I would talk to Cliff or his wife Judy, who usually answers the phone, and they can get you a tracking number. I am about as far away as you can get from Sacramento, and mine left on a Monday and arrived Saturday. Where are you located?? Got to be closer. They ship FEDEX.. 

Best of luck. 

Roger


----------



## Steve Stockham (Jan 2, 2008)

This has to be about the nicest locomotive Accucraft has ever done! The detailing is _tremendous! _Looking at these models, I can only even more regret the scrapping of C&S #1 for a metal drive in WW II as we lost a work of art! Truly, these models are museum class pieces of art! (To get to play with them is "frosting on the cake!")


----------



## David Fletcher (Jan 2, 2008)

Acc have indeed done a great job on this, I couldn't be more happy with the outcome as far as prototype accuracy and detail. 
Its great to think also its been 9 years in the making with so much interest first done in large scale here at MLS, and a Zubi and Jason then taking it to Accucraft as a good idea to build for anyone who wanted one enough.

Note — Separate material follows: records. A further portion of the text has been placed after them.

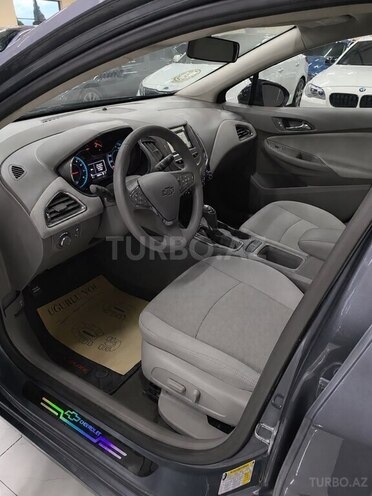 Chevrolet Cruze-10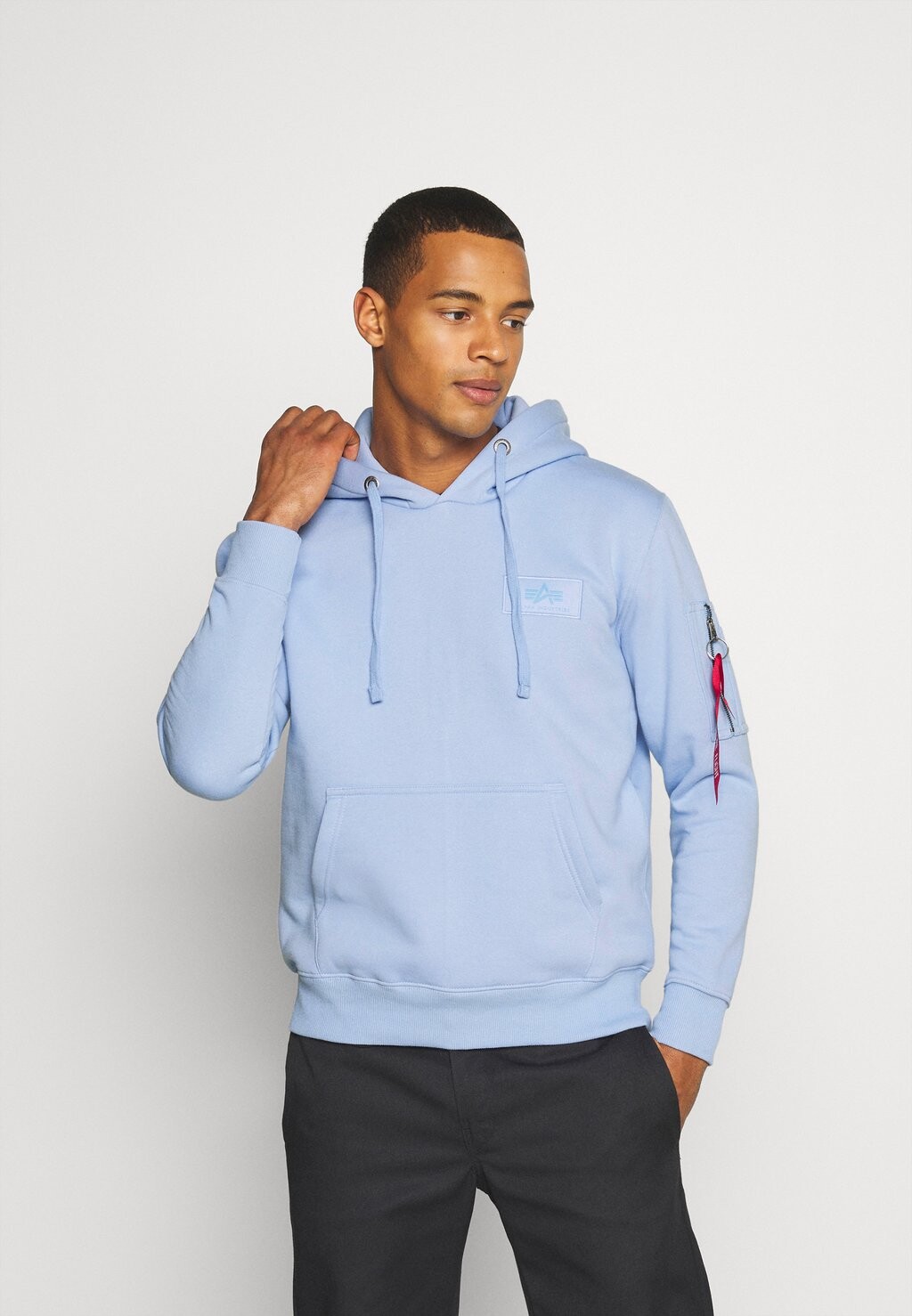 

Худи Alpha Industries, синий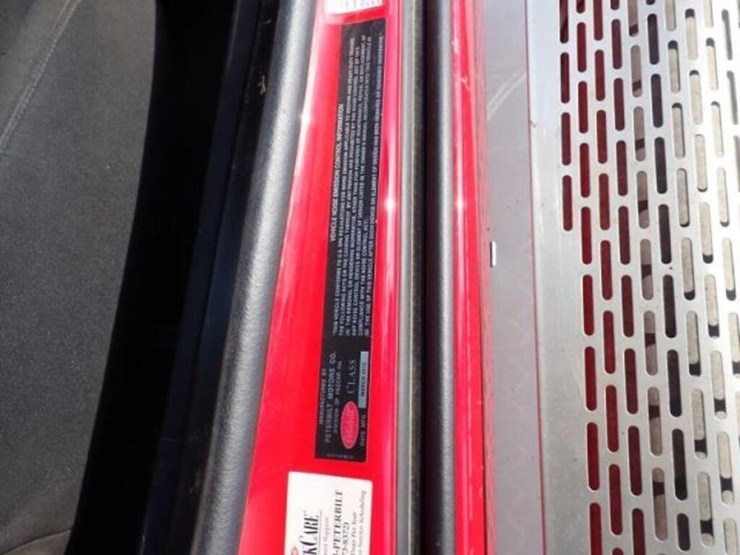 2016-peterbilt-567-image-16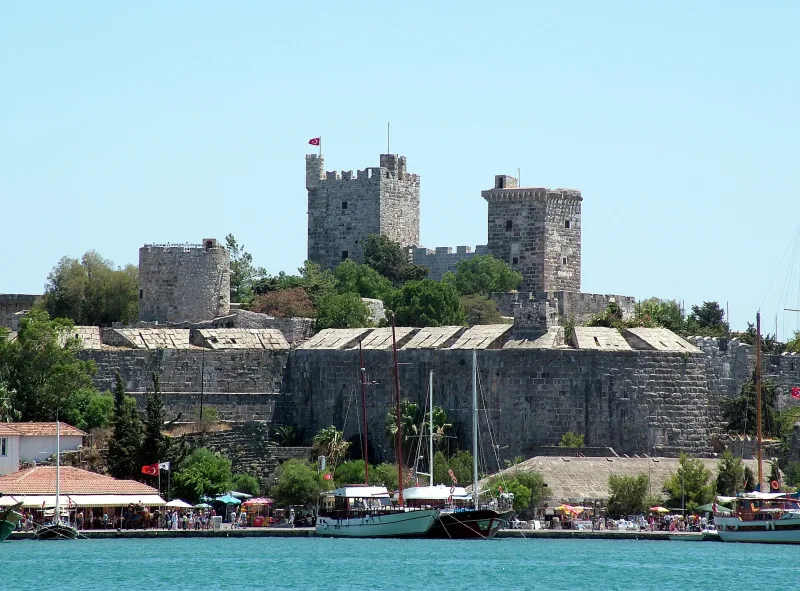 Çeşmen linna (Çeşme Castle) – ottomaanien linnoitus ja museo Egeanmeren rannalla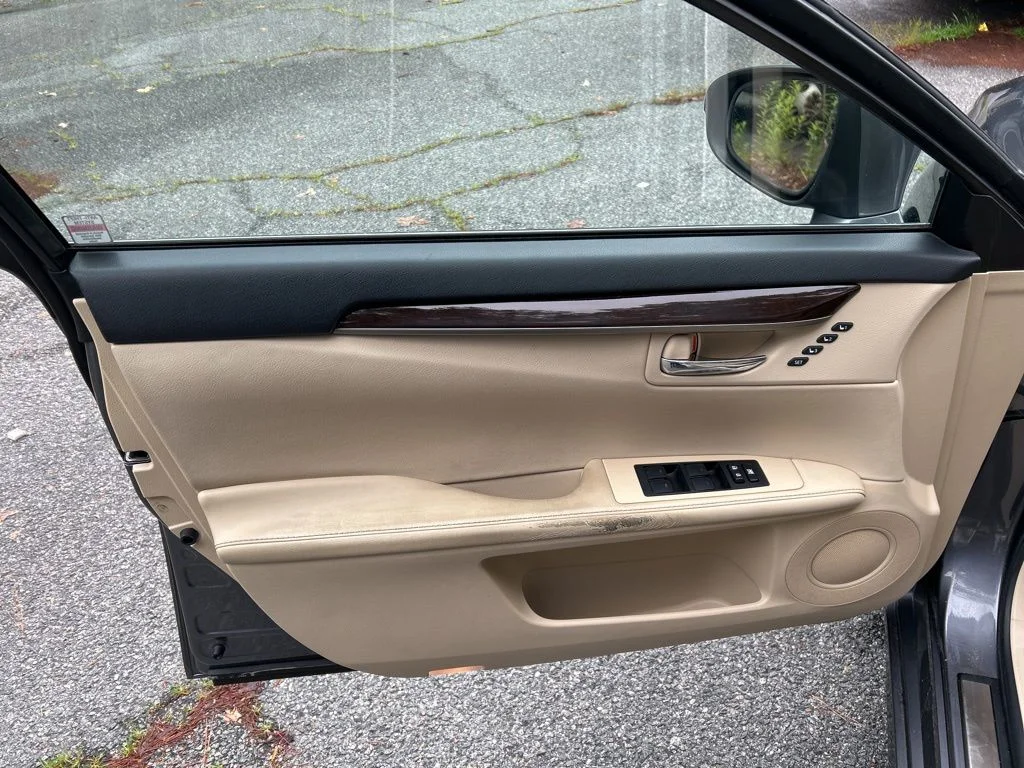 Used 2013 Gray Lexus 350 image 13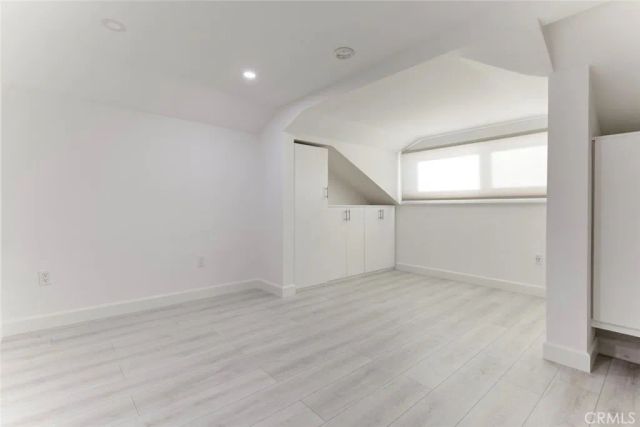 3041 Alabama, La Crescenta, CA 91214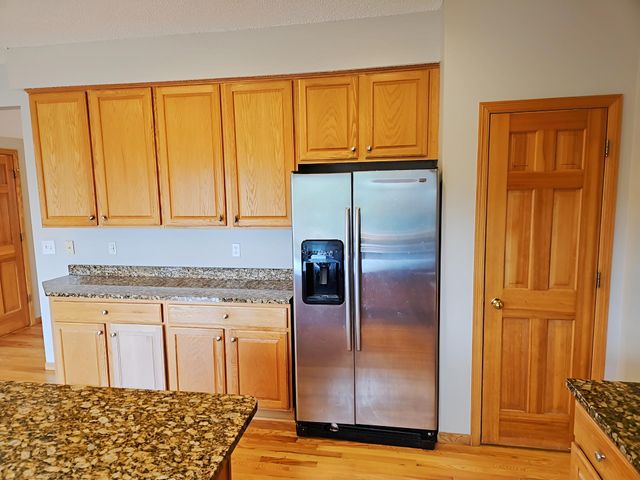10455 Glen Eagle Circle, Woodbury, MN 55129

Accucraft have certainly exceeded my expectation on the decoration - I pushed hard, and got every single line and colour without any concerns from their end, a real can-do effort. 

Here's where it all started, what fine models we built as an on-line group: 

http://www.mylargescale.com/Community/Forums/tabid/56/aff/21/aft/32404/afv/topic/Default.aspx 

David.


----------